Showed my daughter “The Karate Kid” and now she’ll happily do any manual labor if I just tell her we are “training.”

@EndhooS

Cop: can you describe the man who stole your watch?
Me: Yes, he had exceptional taste

@Cheeseboy22

Parenting tip: If your kids are fighting in the back seat of the car, stick your arm over and swing it around a bunch. That’ll show em’.

@hermanntrude

The Flintstones had cars, record players, TV, radio, helicopters, lawn mowers…

but not shoes.

@Marcmywords2

Once I was napping & 5yo daughter
dropped her Barbie Car on my face,
she explained it tho, she said
“sorry dad, I thought you were asleep”.

@my_minivan_life

Just discovered my 7yo wearing his underwear backwards again.
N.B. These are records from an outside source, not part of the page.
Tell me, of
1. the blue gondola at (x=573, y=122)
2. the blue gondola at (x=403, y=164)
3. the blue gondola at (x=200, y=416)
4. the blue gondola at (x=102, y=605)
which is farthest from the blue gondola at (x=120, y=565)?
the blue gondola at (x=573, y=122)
Playing classical music while pregnant is bullshit.

@Marlebean

It’s like the only thing my kids learned from Snow White is that fruit is horribly poisonous.

@dearjhonletter

hate when i forget to bring a towel into the bathroom when i take a shower and have to dry off by doing karate in the mirror for 45 min

@HomeProbably

My kid brother used to have a lazy eye and had to wear an eye patch.

My whole body is lazy so I’m wearing my couch.